信じられないことに、シーレは別れたヴァリーに今後も会おうと連絡し、姉アデーレとも肉体関係を継続した。シーレは、このねじれた三股の恋愛関係を創作のバネにした。妻とその姉、元カノ、そして死神のような自分をモチーフにした傑作を描くことで、青年シーレは「天才画家エゴン・シーレ」になれたのだ。
■新婚の妻を追うように28歳でインフル死
1917年、別れた恋人ヴァリーは、第一次大戦の従軍看護婦になり、派遣先で病死した。一方のシーレはその翌年3月には分離派展のメインルームを飾ることになり、ついに画家としての評価を確立させる。6月には家族で大きなアトリエ付きの住宅にも引っ越した。
しかし、そんな大成功を収めた矢先の2月に、恩人のクリムトが脳卒中を発症後、肺炎により死去。さらに同年10月には、妊娠6カ月であった妻のエーディトが、春から大流行していたスペイン風邪によって亡くなってしまう。

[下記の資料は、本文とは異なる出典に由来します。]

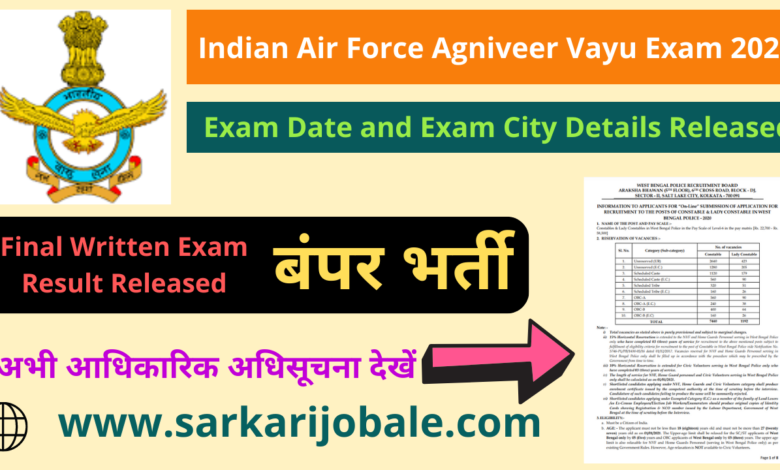 Indian Air Force Agniveer Vayu Exam 2023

そして、看病をしていたシーレ自身も妻の死の3日後に同じ病で命を落とした。これから華々しい画家人生が待っていたはずなのに、いきなり終了してしまった。すべてを手に入れたかに見えた瞬間、そのすべてを失ってしまったのだ。
28歳の若さだった。いったいなぜ、これほどまでに生き急ぐ必要があったのかはわからない。しかし、この超特急列車のようにスピード感溢れる絵画たちが、その赤裸な魅力で今でも多くの人々の心を浄化し続けることに変わりはない。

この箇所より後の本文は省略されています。